### [Activity]
Among the entries that follow, locate the line with "Vital Plus Pflegedienst" and the line with "Tough man looking". Output those lines and all lines in between, exactly, minus the pictures.

### [Listed entries]
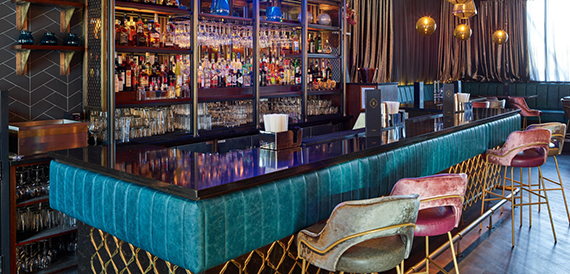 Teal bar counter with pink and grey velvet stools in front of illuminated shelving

...

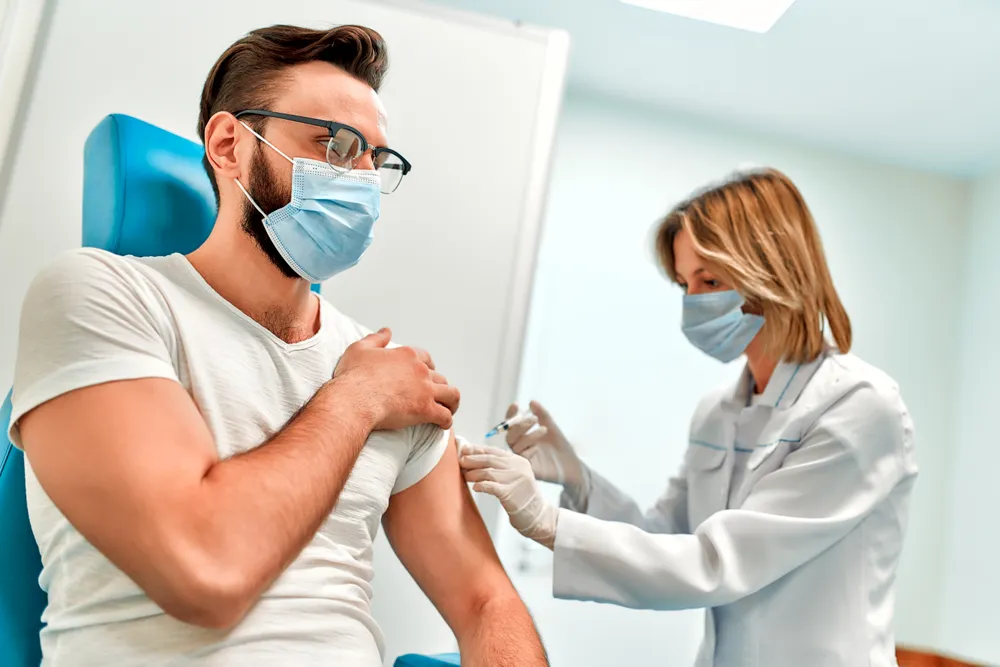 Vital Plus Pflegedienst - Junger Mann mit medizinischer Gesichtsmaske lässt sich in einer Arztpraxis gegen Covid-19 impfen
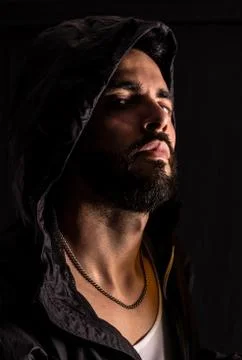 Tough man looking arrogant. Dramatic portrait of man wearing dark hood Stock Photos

--

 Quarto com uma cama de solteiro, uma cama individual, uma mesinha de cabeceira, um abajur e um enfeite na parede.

### [Solution to this exercise]
 Vital Plus Pflegedienst - Junger Mann mit medizinischer Gesichtsmaske lässt sich in einer Arztpraxis gegen Covid-19 impfen
 Tough man looking arrogant. Dramatic portrait of man wearing dark hood Stock Photos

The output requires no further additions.